Spring 2008 CSci 553 Lab 4

Lab 04

Basic Scripting With the Python Language


Goals

In lab 4 we will endeavor to learn some of the basics of using a high level scripting language in the Unix software development environment. You will build several scripts to perform small tasks using the Python scripting language.


Thus the goals of this lab are:

  1. Learn the basics of the Python high level scripting language

  2. Learn about using scripts to perform basic filtering and I/O tasks

  3. Become more familiar with standard Unix filtering processes and commands.


Instructions

For this and all future labs, all of your work will be done and submitted through your own student repository on the nisl class server. If you have not done already, you need to check out a working copy of your personal repository before you can begin this lab.
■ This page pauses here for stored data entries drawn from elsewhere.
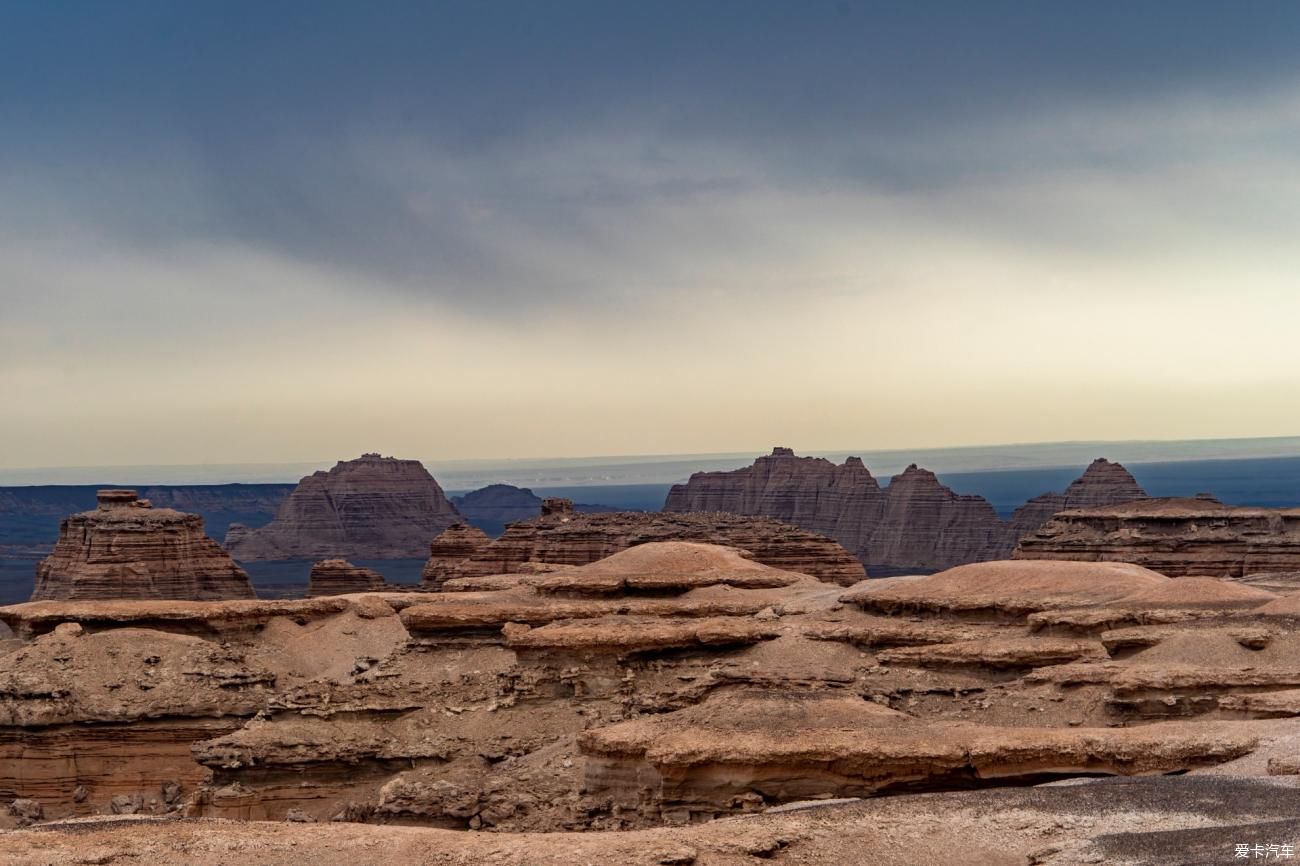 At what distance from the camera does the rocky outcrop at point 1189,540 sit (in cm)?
6188

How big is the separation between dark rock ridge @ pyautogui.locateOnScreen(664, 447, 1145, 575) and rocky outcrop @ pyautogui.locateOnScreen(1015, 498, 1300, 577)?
168 feet

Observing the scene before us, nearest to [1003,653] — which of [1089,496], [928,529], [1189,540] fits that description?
[1189,540]

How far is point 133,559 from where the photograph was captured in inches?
3022

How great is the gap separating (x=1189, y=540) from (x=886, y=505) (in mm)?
79374

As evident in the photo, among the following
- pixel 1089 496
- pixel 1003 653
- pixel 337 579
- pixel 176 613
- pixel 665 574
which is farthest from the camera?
pixel 1089 496

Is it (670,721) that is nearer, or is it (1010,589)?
(670,721)

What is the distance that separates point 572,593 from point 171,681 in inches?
403

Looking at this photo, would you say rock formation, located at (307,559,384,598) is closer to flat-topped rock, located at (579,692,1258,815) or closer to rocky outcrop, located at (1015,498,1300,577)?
rocky outcrop, located at (1015,498,1300,577)

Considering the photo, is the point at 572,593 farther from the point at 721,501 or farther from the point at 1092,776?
the point at 721,501

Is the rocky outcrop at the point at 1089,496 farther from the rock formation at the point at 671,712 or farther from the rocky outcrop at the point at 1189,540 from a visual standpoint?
the rock formation at the point at 671,712

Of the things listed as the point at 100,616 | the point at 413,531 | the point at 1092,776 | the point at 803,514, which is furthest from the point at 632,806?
the point at 413,531

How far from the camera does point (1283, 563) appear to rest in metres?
61.2

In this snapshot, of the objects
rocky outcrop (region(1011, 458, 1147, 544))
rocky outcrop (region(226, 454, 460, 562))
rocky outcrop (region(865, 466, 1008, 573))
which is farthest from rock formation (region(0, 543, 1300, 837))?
rocky outcrop (region(226, 454, 460, 562))

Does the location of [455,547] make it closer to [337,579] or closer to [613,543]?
[337,579] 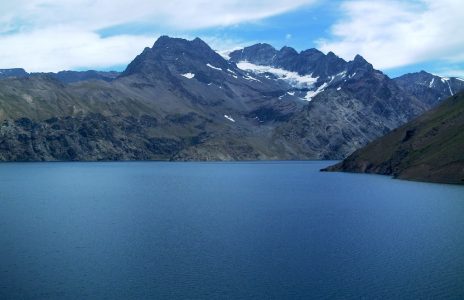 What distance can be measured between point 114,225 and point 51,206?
42350 millimetres

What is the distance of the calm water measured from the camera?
6431cm

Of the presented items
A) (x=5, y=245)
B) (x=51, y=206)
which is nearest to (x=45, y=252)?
(x=5, y=245)

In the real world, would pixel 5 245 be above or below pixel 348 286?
above

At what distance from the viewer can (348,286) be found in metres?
64.8

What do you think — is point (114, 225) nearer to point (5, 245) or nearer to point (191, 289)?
point (5, 245)

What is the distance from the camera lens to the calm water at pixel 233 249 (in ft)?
211

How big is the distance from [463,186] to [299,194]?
54422 mm

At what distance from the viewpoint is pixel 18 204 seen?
148 meters

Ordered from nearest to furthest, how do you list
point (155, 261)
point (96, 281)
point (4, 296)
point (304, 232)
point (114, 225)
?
point (4, 296) → point (96, 281) → point (155, 261) → point (304, 232) → point (114, 225)

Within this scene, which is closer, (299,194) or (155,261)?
(155,261)

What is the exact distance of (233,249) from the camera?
8475cm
Use the in-class lab time not only to find the answers to the questions and complete the given tasks, but to practice your skills in using the Python programming language, executing scripts and commands from the command line, and building small filters to accomplish tasks in the Unix programming enviornment.. The first portion of the lab is to be completed in class so that you may ask the instructor for help and suggestions for any problems you may be experiencing.



Exercise 4.0: Preliminaries


Check out a working copy of your students repository if you haven't already done so. Your student repository will have a url designation of the form:


http://nisl.tamu-commerce.edu/repo/csci553/username


Where you need to substitute your own nisl account username for the last portion above.


In your working copy, create and add to your repository a directory called lab04 (make sure you name it exactly as shown, make sure you not only create the directory, but you run the appropriate command to add the directory to be under version control). All work for this lab is to be added and checked into the lab04 directory of your repository.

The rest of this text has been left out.